Problem details – Copy out, from the data, each line containing the string "Pattern".
<<<<
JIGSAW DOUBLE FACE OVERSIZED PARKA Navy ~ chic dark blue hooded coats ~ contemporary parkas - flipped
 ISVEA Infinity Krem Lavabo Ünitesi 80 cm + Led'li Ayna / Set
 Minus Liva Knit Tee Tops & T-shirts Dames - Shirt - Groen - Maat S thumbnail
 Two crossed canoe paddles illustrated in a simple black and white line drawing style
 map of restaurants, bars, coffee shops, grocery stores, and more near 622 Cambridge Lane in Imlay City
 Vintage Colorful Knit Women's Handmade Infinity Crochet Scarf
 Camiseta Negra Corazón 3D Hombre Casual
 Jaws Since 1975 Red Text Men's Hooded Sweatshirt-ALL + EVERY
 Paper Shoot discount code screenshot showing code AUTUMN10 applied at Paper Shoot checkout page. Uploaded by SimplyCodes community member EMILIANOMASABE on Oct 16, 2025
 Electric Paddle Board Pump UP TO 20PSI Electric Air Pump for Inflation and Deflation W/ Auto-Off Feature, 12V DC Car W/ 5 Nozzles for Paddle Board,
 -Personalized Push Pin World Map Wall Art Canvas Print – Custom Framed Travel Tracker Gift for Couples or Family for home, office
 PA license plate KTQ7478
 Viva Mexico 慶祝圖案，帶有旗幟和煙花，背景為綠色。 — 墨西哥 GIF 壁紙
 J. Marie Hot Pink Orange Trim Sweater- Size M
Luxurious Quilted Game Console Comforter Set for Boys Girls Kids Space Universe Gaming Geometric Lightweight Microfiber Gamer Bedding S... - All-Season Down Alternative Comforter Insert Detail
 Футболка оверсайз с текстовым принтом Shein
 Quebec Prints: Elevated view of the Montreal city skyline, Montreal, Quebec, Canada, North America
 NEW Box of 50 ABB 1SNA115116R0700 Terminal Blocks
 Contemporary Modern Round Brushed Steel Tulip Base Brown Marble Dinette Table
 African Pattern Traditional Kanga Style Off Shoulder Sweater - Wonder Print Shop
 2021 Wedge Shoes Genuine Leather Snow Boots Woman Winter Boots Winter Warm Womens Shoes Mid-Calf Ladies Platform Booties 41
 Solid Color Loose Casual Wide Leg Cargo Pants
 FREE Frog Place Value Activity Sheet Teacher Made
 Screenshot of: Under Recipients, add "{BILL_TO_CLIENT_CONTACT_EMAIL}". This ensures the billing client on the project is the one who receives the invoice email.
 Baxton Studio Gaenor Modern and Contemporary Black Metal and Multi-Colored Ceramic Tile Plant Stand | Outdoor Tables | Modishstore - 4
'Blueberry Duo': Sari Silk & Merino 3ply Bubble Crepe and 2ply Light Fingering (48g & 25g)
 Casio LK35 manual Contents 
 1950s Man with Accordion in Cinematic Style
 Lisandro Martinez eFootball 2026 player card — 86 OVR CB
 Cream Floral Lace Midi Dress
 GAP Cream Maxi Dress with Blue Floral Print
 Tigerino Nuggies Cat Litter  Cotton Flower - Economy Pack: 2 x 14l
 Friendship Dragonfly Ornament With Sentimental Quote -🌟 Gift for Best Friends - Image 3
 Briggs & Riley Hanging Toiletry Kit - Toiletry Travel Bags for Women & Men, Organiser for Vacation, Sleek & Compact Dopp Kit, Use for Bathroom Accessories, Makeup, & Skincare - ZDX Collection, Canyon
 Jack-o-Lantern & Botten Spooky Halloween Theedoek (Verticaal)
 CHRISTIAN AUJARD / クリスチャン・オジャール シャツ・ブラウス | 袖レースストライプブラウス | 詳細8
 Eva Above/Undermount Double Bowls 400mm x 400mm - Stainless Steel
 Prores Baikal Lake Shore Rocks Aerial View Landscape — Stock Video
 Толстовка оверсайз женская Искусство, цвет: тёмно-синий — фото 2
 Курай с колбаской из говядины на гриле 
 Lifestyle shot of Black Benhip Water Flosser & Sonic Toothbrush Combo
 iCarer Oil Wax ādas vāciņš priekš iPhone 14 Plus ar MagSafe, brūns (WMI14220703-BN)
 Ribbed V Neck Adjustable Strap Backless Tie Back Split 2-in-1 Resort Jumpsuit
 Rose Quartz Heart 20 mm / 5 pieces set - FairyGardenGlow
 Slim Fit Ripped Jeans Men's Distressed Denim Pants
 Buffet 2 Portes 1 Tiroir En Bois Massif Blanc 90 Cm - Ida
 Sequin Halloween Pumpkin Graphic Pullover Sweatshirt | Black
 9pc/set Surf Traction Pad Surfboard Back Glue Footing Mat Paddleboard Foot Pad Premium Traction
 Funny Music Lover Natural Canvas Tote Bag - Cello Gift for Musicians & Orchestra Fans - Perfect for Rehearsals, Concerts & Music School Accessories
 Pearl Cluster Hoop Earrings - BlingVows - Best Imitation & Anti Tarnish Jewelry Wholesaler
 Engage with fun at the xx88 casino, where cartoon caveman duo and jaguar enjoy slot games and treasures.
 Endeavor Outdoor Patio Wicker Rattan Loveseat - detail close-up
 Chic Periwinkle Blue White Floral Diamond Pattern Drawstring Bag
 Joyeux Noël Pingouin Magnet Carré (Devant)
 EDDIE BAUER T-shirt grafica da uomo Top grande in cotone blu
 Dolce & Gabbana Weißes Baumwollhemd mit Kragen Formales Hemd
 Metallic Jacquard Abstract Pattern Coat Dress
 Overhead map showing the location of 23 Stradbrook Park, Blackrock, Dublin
>>>>
Written answer –
 African Pattern Traditional Kanga Style Off Shoulder Sweater - Wonder Print Shop
 Chic Periwinkle Blue White Floral Diamond Pattern Drawstring Bag
 Metallic Jacquard Abstract Pattern Coat Dress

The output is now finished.